Barry agreed with Sally’s point about the importance of agreeing and baselining metrics upfront. “I could say that one of our solutions does a lot around reducing clinical risk, but when I go into an individual organisation, what does that actually mean, and how am I going to track it? We do a lot of work on reducing waiting lists and ROI relative to what the trust would have paid to do it themselves or how long it would have taken, versus getting us to do it.” There are a lot of claims being made about different projects on the market that are difficult to link to reality, he went on, “so as a CEO I”m very conscious about working closely with trusts, asking what metrics they want to move, and agreeing upfront what the baseline is and how we’re going to track it over time”.

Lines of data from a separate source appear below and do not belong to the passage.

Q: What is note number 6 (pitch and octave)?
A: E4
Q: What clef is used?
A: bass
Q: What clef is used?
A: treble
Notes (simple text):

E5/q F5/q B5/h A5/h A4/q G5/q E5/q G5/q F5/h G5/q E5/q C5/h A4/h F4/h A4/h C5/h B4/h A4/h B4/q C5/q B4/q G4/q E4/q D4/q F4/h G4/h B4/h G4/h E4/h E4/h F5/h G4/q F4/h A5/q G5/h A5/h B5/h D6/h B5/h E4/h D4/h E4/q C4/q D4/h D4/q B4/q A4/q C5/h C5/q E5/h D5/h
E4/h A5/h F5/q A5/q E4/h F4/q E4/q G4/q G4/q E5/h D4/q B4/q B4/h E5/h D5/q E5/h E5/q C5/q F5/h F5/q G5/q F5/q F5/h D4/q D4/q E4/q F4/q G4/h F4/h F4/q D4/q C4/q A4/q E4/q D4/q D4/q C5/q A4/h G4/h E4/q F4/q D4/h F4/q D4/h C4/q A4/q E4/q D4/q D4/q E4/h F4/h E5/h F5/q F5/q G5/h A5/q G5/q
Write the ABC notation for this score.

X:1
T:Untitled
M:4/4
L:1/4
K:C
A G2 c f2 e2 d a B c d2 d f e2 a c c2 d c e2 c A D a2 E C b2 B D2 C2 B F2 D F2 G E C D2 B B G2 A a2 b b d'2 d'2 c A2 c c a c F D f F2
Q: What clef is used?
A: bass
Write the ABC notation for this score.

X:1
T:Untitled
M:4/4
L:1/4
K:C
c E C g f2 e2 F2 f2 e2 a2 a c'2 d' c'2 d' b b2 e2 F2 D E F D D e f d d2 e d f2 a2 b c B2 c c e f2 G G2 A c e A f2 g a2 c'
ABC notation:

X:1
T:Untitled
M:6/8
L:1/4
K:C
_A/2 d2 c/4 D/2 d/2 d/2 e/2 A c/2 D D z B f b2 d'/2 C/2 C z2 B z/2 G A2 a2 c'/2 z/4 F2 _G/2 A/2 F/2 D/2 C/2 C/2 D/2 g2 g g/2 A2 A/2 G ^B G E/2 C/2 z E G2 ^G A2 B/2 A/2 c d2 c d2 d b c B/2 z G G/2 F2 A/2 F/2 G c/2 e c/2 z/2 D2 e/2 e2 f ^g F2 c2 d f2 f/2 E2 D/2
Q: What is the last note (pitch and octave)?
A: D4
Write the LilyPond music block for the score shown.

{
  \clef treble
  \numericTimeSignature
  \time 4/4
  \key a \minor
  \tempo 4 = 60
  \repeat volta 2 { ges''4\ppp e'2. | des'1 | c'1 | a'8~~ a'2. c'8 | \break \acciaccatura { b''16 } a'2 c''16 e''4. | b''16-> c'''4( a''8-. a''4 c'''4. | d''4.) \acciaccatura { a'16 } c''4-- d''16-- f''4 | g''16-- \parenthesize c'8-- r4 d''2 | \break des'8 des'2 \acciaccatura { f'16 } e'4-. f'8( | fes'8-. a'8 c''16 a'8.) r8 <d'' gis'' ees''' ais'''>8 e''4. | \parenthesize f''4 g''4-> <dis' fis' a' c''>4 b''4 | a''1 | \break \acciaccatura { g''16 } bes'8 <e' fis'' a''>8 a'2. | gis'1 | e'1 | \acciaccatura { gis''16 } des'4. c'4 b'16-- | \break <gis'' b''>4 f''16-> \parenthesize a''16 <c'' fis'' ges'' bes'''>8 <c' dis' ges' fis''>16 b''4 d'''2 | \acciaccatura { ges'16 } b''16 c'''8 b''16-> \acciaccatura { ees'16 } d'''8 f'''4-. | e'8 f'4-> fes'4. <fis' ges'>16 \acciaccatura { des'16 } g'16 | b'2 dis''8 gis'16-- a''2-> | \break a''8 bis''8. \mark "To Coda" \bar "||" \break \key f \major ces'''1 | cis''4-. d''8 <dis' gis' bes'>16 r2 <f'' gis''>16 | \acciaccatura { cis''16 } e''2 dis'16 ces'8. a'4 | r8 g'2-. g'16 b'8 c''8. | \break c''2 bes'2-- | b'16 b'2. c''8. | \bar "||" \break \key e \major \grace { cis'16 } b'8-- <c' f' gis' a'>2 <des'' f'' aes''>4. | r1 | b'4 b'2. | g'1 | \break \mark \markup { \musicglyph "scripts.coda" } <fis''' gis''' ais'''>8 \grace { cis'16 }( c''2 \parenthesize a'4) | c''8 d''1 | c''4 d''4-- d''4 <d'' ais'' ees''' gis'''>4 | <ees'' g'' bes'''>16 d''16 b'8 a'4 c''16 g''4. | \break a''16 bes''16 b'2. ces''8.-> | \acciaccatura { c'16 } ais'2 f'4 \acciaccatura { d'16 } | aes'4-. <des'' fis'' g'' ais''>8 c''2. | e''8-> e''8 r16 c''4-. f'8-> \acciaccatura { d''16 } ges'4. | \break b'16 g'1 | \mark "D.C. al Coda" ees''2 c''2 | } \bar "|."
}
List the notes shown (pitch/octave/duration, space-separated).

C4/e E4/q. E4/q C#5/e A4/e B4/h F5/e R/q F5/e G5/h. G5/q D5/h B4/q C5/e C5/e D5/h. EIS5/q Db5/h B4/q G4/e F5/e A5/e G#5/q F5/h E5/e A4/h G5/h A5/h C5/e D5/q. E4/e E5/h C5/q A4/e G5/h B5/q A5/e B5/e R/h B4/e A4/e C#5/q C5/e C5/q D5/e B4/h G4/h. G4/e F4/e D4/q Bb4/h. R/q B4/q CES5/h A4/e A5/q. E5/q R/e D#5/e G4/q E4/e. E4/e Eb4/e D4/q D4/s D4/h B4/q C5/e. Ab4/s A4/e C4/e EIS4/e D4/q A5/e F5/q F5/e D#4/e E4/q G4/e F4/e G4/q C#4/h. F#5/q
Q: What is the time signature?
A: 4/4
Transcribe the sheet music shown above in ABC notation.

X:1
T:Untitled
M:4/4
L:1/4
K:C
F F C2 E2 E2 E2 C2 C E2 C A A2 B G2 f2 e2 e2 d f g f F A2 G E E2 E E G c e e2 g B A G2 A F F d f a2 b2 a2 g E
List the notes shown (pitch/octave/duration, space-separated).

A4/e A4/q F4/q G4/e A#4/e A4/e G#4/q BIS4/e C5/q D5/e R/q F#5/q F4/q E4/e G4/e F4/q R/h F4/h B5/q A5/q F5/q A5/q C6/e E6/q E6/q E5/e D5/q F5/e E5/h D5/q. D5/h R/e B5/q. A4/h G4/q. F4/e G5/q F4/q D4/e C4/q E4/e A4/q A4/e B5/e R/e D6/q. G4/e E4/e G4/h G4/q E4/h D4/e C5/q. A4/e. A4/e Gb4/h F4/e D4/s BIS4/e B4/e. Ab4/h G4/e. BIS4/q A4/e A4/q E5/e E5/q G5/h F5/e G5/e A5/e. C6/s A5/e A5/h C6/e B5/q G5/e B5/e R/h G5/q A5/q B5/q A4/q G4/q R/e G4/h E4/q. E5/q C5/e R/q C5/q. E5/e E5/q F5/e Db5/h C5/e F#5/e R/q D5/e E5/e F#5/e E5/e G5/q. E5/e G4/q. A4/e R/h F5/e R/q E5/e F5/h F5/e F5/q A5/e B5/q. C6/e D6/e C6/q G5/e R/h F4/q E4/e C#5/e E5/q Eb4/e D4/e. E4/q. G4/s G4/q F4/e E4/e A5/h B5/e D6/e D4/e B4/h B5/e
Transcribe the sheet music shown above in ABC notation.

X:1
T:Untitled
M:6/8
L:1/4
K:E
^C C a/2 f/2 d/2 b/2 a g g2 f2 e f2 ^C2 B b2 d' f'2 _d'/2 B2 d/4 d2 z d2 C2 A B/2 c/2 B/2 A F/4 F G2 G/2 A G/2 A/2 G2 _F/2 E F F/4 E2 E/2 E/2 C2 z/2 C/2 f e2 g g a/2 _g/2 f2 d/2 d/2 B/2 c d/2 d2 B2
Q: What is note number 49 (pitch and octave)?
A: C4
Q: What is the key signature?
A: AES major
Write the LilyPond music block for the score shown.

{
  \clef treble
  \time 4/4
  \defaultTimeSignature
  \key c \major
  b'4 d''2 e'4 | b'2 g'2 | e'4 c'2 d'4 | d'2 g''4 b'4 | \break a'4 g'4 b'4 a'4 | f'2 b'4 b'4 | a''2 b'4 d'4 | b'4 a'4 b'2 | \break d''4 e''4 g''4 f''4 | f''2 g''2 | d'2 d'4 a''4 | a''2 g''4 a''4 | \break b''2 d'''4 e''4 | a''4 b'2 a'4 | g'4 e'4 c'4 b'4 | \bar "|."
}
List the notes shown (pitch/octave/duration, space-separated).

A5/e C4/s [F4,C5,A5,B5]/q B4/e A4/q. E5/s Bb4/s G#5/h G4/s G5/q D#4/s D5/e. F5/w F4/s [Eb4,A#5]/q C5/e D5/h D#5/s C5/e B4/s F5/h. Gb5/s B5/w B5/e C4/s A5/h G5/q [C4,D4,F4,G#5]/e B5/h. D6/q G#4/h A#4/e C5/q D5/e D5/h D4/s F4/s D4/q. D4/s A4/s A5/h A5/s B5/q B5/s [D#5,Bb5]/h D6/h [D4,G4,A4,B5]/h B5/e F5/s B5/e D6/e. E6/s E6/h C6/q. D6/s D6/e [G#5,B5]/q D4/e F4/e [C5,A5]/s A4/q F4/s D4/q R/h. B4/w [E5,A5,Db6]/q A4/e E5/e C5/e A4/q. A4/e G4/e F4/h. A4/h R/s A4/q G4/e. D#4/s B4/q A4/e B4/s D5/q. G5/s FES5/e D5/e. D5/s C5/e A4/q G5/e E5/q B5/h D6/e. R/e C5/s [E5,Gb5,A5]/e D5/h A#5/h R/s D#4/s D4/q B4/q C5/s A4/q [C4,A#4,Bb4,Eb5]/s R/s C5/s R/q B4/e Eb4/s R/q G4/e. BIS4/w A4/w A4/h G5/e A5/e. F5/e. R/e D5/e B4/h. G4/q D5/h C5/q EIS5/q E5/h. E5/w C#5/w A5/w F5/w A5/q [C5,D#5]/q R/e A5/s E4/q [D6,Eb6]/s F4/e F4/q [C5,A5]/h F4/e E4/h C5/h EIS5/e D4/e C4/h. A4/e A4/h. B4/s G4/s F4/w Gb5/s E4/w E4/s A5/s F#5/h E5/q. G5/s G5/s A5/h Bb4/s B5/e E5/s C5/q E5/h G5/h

“That’s an important point,” Sally noted, “as it’s very easy to make these claims, and it’s easy to do a pilot in one area and then apply that at a larger scale across the whole organisation, and that’s not really reflective of reality.” Dudley tends to pilot solutions in multiple different areas, which often brings about “very different” outcomes for the same solution. “We’ve just done an AI ambient voice pilot in our SDEC area and had good feedback from clinicians, but we’ve then piloted the same thing in rheumatology for the letter backlog, and we’re seeing that it’s working to reduce that backlog, but it’s two different use cases and the output is very different.”

Looking ahead

Susannah talked about the potential for AI to make an impact in this space in the future. “The short answer is that yes, I see it having a big impact. In my sense, the public are up for it, but they’re a bit nervous sometimes, and we have to be mindful of that and the risks involved.”

Touching subjects already mentioned around data quality and faster diagnosis, Barry said: “I also want to float a concern I have at the moment, which is that we’re not doing enough from an elective care point of view about clinical variation. That’s where the predictive analytics starts to come into play, where we start looking at differences between population groups and outcomes. We’ve got the datasets and the processing power to really drill into why two separate patients were on that waiting list for the exact same procedure, at the exact same time, but went through a very different clinical pathway and achieved different outcomes.” Having those conversations about variation is important, he considered, “and that’s from the front end too, because I think we also have big variations in referral patterns and demand”.

Focusing on early diagnostics is key, Sally told us, talking about an AI solution Dudley has deployed that identifies tumours and when patients have had strokes “much quicker”, as well as a risk stratification tool for patients preparing for surgery that tells clinicians which patients need to be seen face-to-face. “At the moment in the NHS we’re rightly very risk averse,” she said, “and there’s a lot we have to go through in terms of the clinical safety and the guidance, but there’s still lots of learning to do as we go through, which means there is lots of caution. Whilst it’s good to scale things up at speed, we have to make sure things are done correctly and they’re working as expected.”

Sally also mentioned triaging as an area where AI has the potential to help with ensuring patients are on the right pathway and prioritising those who are most urgent. “I also agree with Barry about the data because we piloted an automation tool to look at the population and where patients were coming in, in terms of their diagnosis, and what we were finding was that when the patient arrives for the first time, they’re not diagnosed, so you have to ratify them with other symptoms, which could look like a thousand different outcomes. So I think we need to do better with our data to help inform our care pathways and workflows.”

We’d like to thank our panellists for joining us, and for sharing their insights in this space.